The concept of renaming substitution is defined and some properties are proved. Also two kinds of renamings are proved to be renamings: integer renaming and variable renaming. Renamings are important for two reasons: "starndardization apart" and pretty printing of terms.

• Well-foundedness of subsumption between terms: subsumption-well-founded.lisp

An ordinal measure is given to prove that there is no infinite strictly decreasing chain of subsumed terms. These properties are proved using only the soundness and completeness theorem of the defined subsumption algorithm.

• Definition and properties of subsumption between substitutions: subsumption-subst.lisp

A suitable definition of subsumption between substitutions is given, avoiding some restrictions imposed by the language and our representation of substitutions. The definition is shown to verify the intended properties.

• Definition and verification of a non-deterministic rule-based unification algorithm: unification-definition.lisp

An "abstract" unification algorithm is defined and verified. This unification algorithm is defined as a set of transformations rules acting on sets of equations, based on the ones given by Martelli and Montanari. These rules are non-deterministically applied until a solution (or the lack of solution) is detected. A partially defined selection function is used to formalize non-determinism.

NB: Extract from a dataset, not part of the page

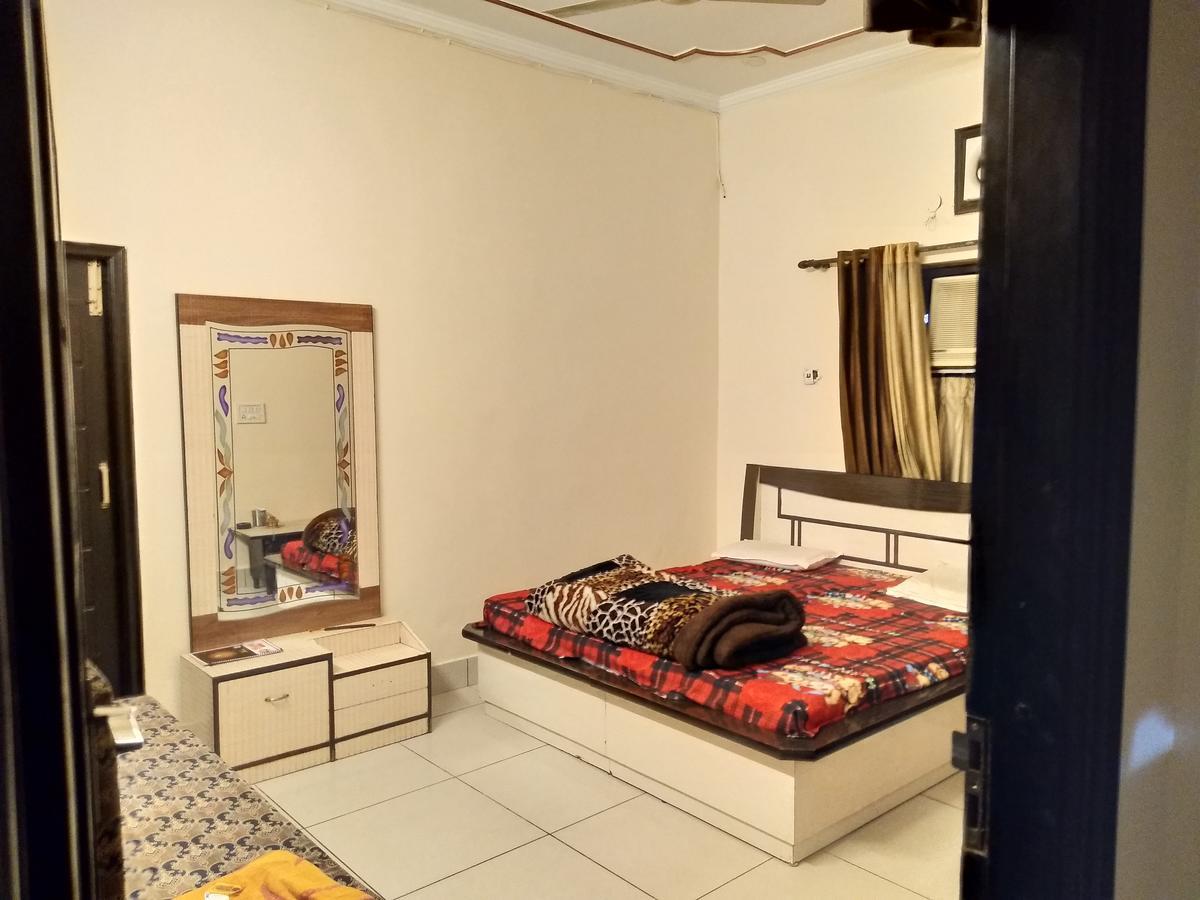 Jhilmil Dhaba Hotel Sonipat Exterior photo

• Definition and verification of a concrete (and executable) unification algorithm: unification-one-definition.lisp

A particular unification algorithm is defined and verified, as a functional instance of the previously given.

• Definition and verification of an anti-unification algorithm: anti-unification.lisp

An anti-unification algorithm is defined and verified. This anti-unification algorithm, given two terms, returns a common generalization, subsumed by any other common generalization. Thus, we proved the existence of a least upper bound of two given terms, with respect to subsumption.

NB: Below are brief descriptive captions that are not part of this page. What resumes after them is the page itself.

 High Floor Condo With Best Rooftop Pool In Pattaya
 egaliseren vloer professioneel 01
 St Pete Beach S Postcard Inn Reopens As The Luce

• Definition and verification of a most general instance algorithm: mg-instance.lisp

An "most general instance" algorithm is defined and verified. This algorithm, given two terms, returns a common instance, that subsumes any other common instance. Thus, we proved the existence of a greatest lower bound of two given terms, with respect to subsumption.

• The complete lattice of terms: lattice-of-terms.lisp

Just for mathematical recreation (and as a compilation of the previous books) we proved that we can define in the set of terms of B&M logic a complete lattice structure. To force the existence of glb of every pair of terms, we distinguish a term: the-top-term.